Pearson (2003) has noted that the complexity of the
nonlinear model development arise from two major facts that is the fact that
model utility can be measured in several, usually conflicting ways and the fact
that the class of nonlinear model does not exhibit the unity that the class
of linear models does. From the point of measuring model utility, there are
four important indicators; they are the approximation accuracy, the physical
interpretation, suitability for control and ease of development. Fundamental
model are generally perform far better than empirical model in term of accuracy
and physical interpretation. However, they are not very attractive in term of
development ease and controllability. On the other hand, low order model (i.e.,
first order and second order) which is much more popular in process control
application usually unable to approximate a wide range of qualitative behavior.
For the model unity, the nonlinear models do not convert freely between themselves
like linear models does due to the structural heterogeneity that those nonlinear
model exist. This gives different model development technique is required for
different type of nonlinear model. Henson (1998) had
stated that the nonlinear model should be as simple as possible, less computational
load and can retain the most of nonlinear characteristic of the system if to
be used for control purpose. In order to decide which nonlinear model to be
used, it is important to study the system nonlinearity behavior in order to
determine its degree of nonlinearity. Pearson (2003)
had laid down the nonlinear criteria to identify the degree of nonlinearity
of the process. According to him, the asymmetric response to symmetric input
changes (ASYM), generation of harmonics in response to sinusoidal input (HARM)
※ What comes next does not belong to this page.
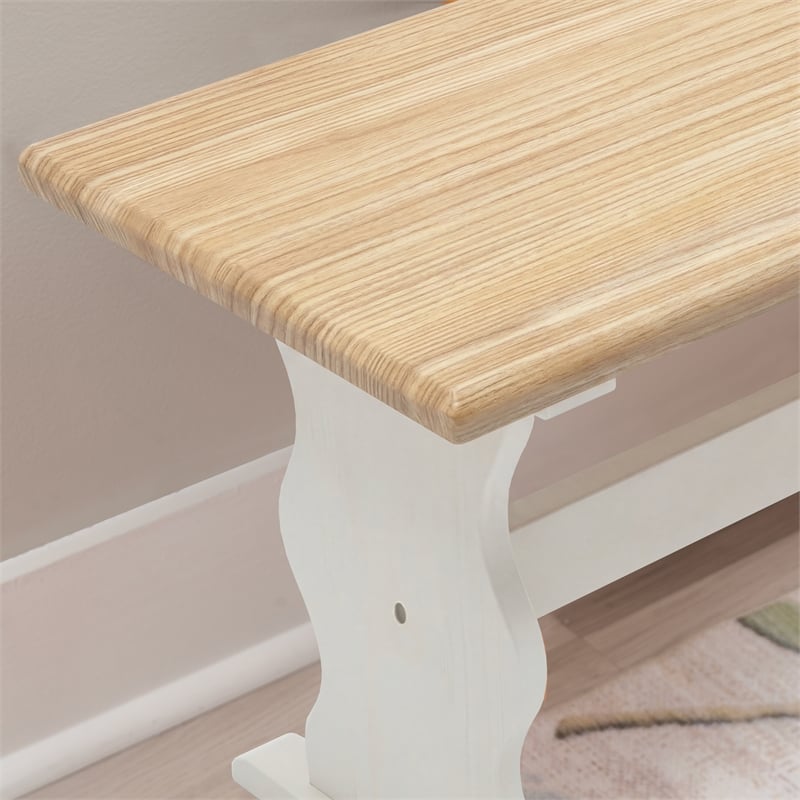 Linon Chelsea Wood Dining Bench in White and Natural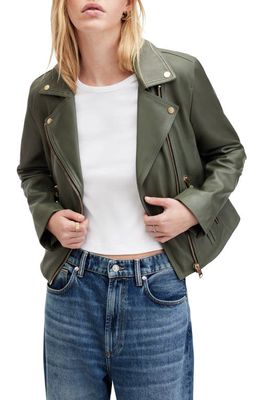 AllSaints Dalby Leather Moto Jacket in Deep Sage Green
and observation of Input Multiplicity (IM) is considered as mildly nonlinear
behavior, whereas, Output Multiplicity (OM), generation of sub-harmonic response
(SUB) and highly irregular response (CHAOS) is categorized as strongly nonlinear
behavior. Finally, the input-dependent stability (IDS) behavior is known to
be intermediate nonlinearity. Desoer and Wang (1980)
have used approximated linearized system to measure the nonlinearity of input-output
mapping of the system.
Harris et al. (2000) proposed an approach to
compute the nonlinearity by using functional expansions. The method gives upper
and lower boundary for degree of nonlinearity. Hahn and
Edgar (2001) used a new approach using Gramian based approach to quantify
the nonlinearity of the process. It is based on the comparison of controllability
and observability Gramian that is linearized with discrete empirical Gramian
from data of the nonlinear process.
In this study, the steady state model of the industrial i-Butane/n-Butane distillation
column is developed using commercial process simulator, Aspen Plus software
and then validated with the industrial data available in the literature. Then,
the nonlinearity of the industrial column is evaluated based on the criteria
proposed by Pearson (2003) which is based on the analysis
of asymmetric response, harmonic response, input multiplicity and output.
INDUSTRIAL CASE STUDY
The industrial column case study is taken from Klemola
and Ilme (1996) and Ilme et al. (2001). This
column is used in a refinery plant to separate n-butane and i-butane from an
The liquid feed is containing approximately 29.4 wt.% of i-butane, 67.7 wt.%
of n-butane, 1.5 wt.% of propane and 1.0 wt.% of pentanes.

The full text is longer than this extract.